Au Sénégal, l’actualité, dans les journaux, s’écrit sans les femmes. Sur les ondes, le « silence radio » fonctionne à merveille. À la télévision, des écrans d’invisibilité cernent leur image, en sus de la socialisation différenciée combinée à une exclusion de l’histoire les effaçant de la mémoire collective et des dispositions juridiques défavorables.
Ce premier constat cache de profonds mécanismes d’assujettissement fortement ancrés dans la société par l’idéologie patriarcale dont les spécificités relèvent de facteurs liés aux effets durables de la colonisation, aux interprétations conservatrices de l’Islam et au poids des traditions. En s’appuyant sur les médias, cette idéologie construit l’invisibilité et nourrit le silence des femmes.

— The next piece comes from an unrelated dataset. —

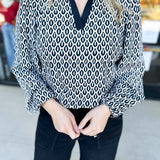 Mary Square- The Kayla High Notes Blouse-200 Fashion Blouses-MARY SQUARE-July & June Women's Fashion Boutique Located in San Antonio, Texas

Les questionnements de l’auteure portent sur les fondements de ce qui s’apparente à un « silence » médiatique des femmes dans la presse et à la radio introduits durant la colonisation et plus tard à la télévision.
En cherchant des réponses à sa question de départ, elle procède à une confrontation de plusieurs écoles théoriques et de postures endogènes pour mieux comprendre la trajectoire des femmes qui ont vécu de nombreuses influences externes tout en subissant ses mutations internes, tant sociologique, politique que juridique. L’analyse faite à partir de leurs vécus part du matriarcat des sociétés négro-africaines à l’alliance patriarcale entre l’administration coloniale et l’aristocratie locale. S’y ajoute le « contrat social » liant les autorités politiques et religieuses depuis les années 1960 sur leur dos.
Cette réflexion est le résultat d’une enquête effectuée au Sénégal, de 2014 à 2020, auprès d’universitaires, de journalistes et de responsables des médias publics et privés de trois quotidiens : Le Soleil, Walfadjri et Sud quotidien, de trois radios : Radio Sénégal internationale (RSI), Sud FM et Radio Futurs Médias (RFM) et de trois chaines de télévision : TFM, RTS et 2STV, en plus des sources orales et écrites. Elle se limite aux médias classiques même si un certain bouillonnement est observé depuis quelques années dans les réseaux sociaux.
L’exploration de plusieurs champs disciplinaires témoigne de la complexité du silence et de l’invisibilité des femmes qui dépassent largement le cadre médiatique. Cette invisibilité construite au fil des années par des contingences historique, religieuse et culturelle se lit au quotidien dans une société encore régie par des fondements patriarcaux. De nombreux préjugés continuent à s’abreuver de l’inconscient collectif sénégalais pour justifier cette situation. Seule une approche globale permet de saisir les différents faisceaux entourant l’hégémonie masculine.
Auteure : Docteure en sciences de l’information et de la communication, Fatoumata Bernadette SONKO enseigne au Centre d’études des sciences et techniques de l’information (CESTI) de l’université Cheikh Anta Diop de Dakar et donne des cours en Communication internationale à l’université du Québec à Chicoutimi (UQAC).
Auteure de plusieurs articles, ses recherches portent sur les femmes et médias, les violences basées sur le genre et l’histoire des femmes. Engagée dans la défense de leurs droits, elle a aussi fondé le site d’informations : www.lescommeres.sn.